En plus de CroisiGolf, la compagnie et le Club Vosgien de Strasbourg se sont unis en 2013 pour lancer CroisiRando, une nouvelle forme d’activité, associant les plaisirs de la croisière (sur le Rhône, la Seine, la Gironde, le Rhin, le Danube, le Douro et le Pô) à ceux de la randonnée. Le but est de profiter au maximum du charme qu’offre le paysage, en y ajoutant le petit effort physique que représente la randonnée (d’une durée de deux à cinq heures de marche avec 5 niveaux de très facile à soutenu). Ces randonnées sont encadrées par un ou plusieurs guides de montagne agréés.

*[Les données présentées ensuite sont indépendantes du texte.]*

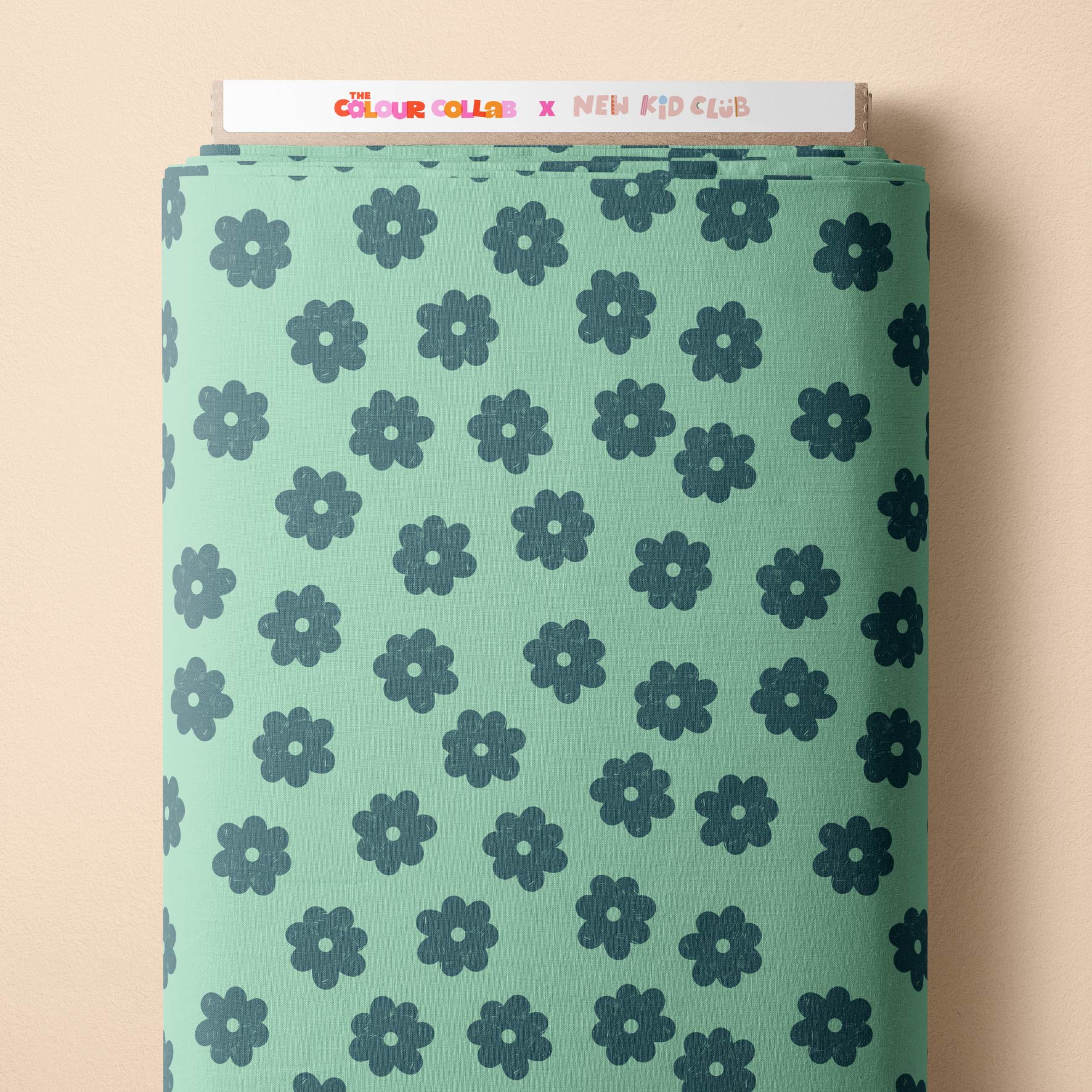 Daisy Repeat (Mint) Preorder Fabric by New Kid Club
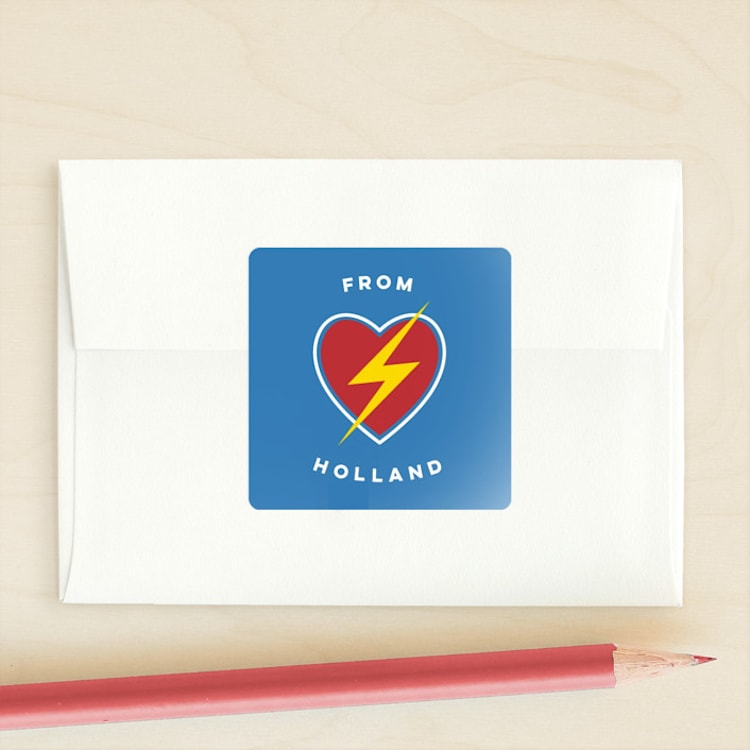 "Super Friend" - Custom Stickers in Aqua by Lehan Veenker - Front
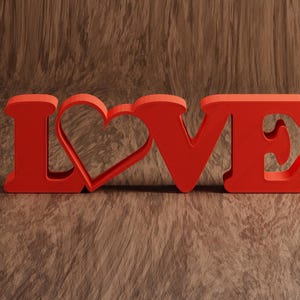 3D Printable LOVE Sign STL – Heart Shaped Letters, Valentine’s Day Gift, Wedding & Home Decor, Romantic 3D Print File
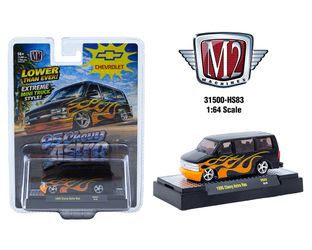 M2 Machines 1:64 1995 Chevrolet Astro Van Diecast – Black with Flames – Hobby Exclusive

Autre nouveauté, des croisières de 7 jours à la découverte des canaux de France (en Alsace, Lorraine, Franche-Comté et Bourgogne) à bord de la péniche le « MS Jeanine », baptisée ainsi pour rendre hommage à l’épouse du fondateur. D’une capacité de 24 passagers avec ses 12 cabines confortables avec fenêtre/hublot, le MS Jeanine (30m de longueur et 5,05m de largeur) dispose d’un salon-bar, d’une salle à manger et d’une terrasse. De plus, des vélos sont disponibles à bord.

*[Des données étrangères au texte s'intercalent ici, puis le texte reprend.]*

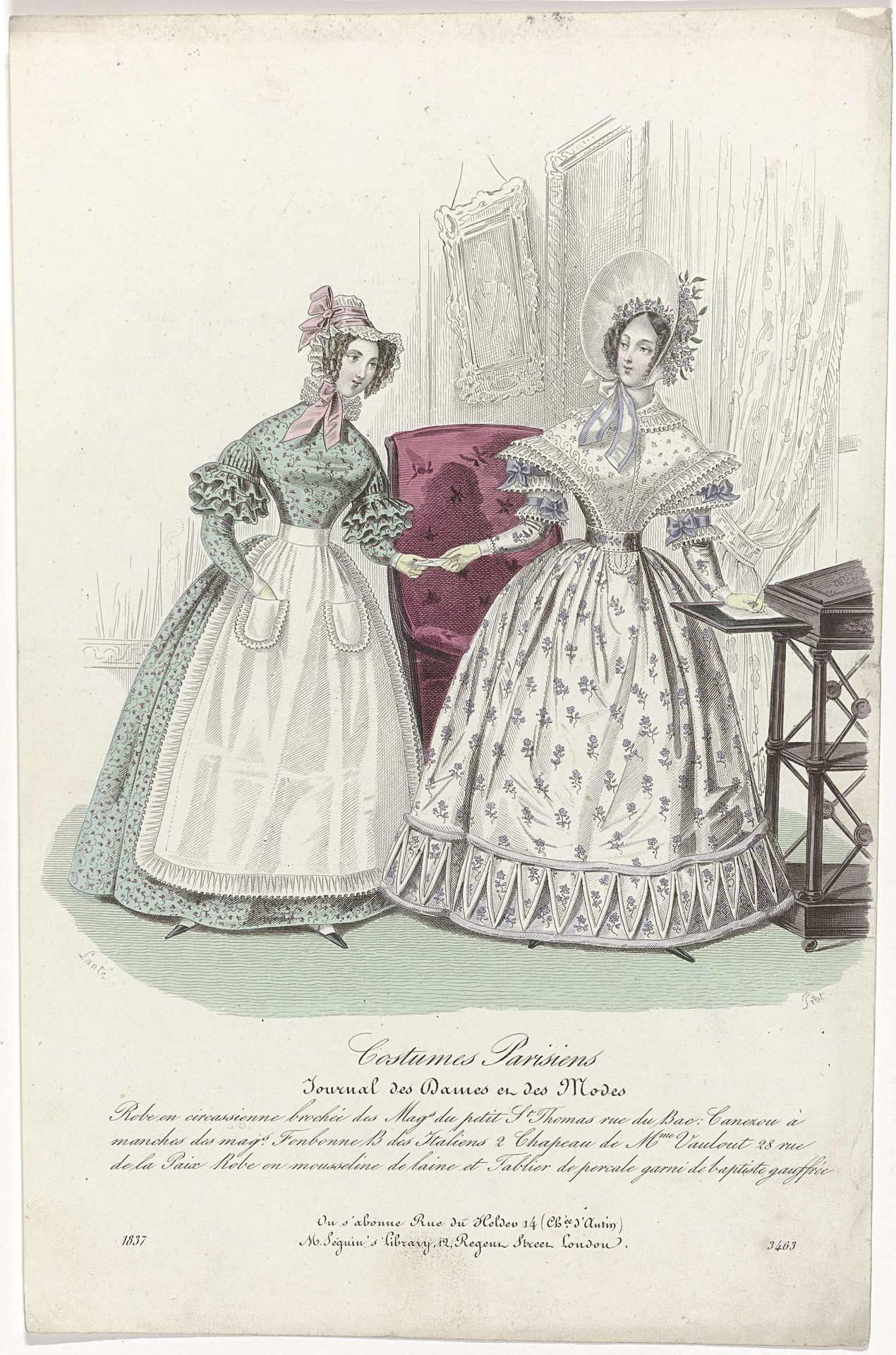 Journal des Dames et des Modes, Costumes Parisiens, 1837, (3463): Robe en circassienn (...) by Prot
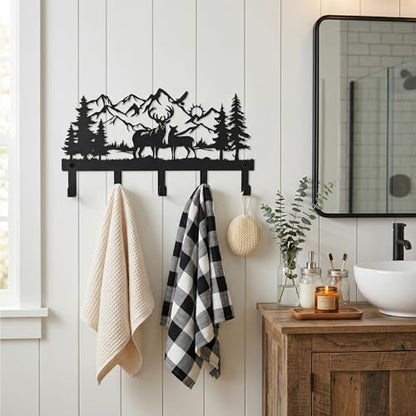 Deer Mountain Metal Key Holder Wall Mount Key Holder for Wall Rustic Cabin Decor Key Rack Hooks Hanger Woodland Wildlife Wall Art Entryway Organizer Housewarming Hunting Gifts - size: Small, style: Deer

Et comme le taux de remplissage pour cette première année flirte avec le 100%, trois nouvelle péniches rejoindront « MS Jeanine » dès avril prochain afin de spécialiser un bateau par destination (en plus d’une péniche sur le Canal Saint-Martin dès la période hivernale). Et ce n’est pas tout, car avec une croissance prévisionelle de 6% pour 2013, CroisiEurope fourmille de projets pour 2014 ! Ainsi de nouvelles croisières feront leur apparition : une au départ de Bâle jusqu’à Amsterdam sur 9 jours, un itinéraire combiné Rhin-Rhône de 10 jours entre Amsterdam et Avignon (avec une liaison en autocar entre Strasbourg et Chalon-sur-Saône), des nouveaux parcours de 4, 6 et 8 jours sur le Rhin avec un embarquement de Francfort et un safari croisière en Afrique australe de 13 jours (avec une seule date pour le moment à l’automne prochain qui servira de test).

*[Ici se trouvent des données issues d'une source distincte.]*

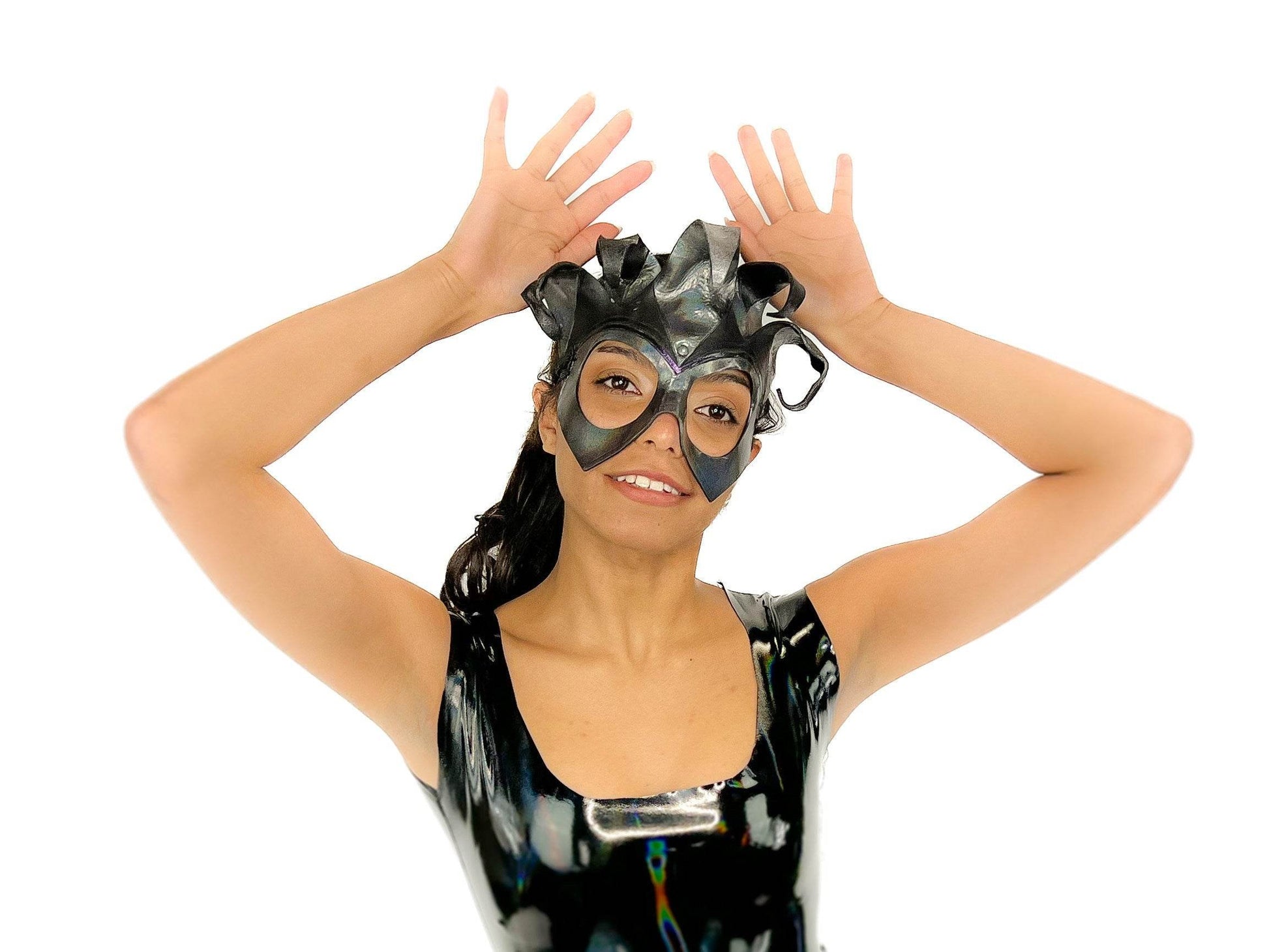 Handmade Genuine Leather Five Point Jester Mask in cosmic silver and Black No Bells -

Enfin, l’année prochaine, les croisières seront proposées en tout inclus et avec une garantie tarifaire en cas de hausse carburant (jusqu’à 142 US $ le prix du baril). Le prix moyen actuel de 90-95 € euros par jour va donc passer à 105-110 €. Et une nouvelle classification des bateaux va apparaître : la nouvelle génération comme le MS Gerard Schmitter, le MS Cyrano de Bergerac, le MS Vivaldi, le MS La Belle de l’Adriatique ou le futur MS Lafayette seront estampillés 5 ancres, les autres 4 ancres.

Renseignements sur www.croisieurope.com


A lire

Petit Futé Andalousie et Un grand week-end à Séville (Hachette Tourisme)

Le premier est très utile pour vous débrouiller par vous-même si vous ne souhaitez pas faire toutes excursions organisées. Et le deuxième est indispensable pour bien profiter de la capitale andalouse où La Belle de Cadix est amarré 3 jours et 3 nuits.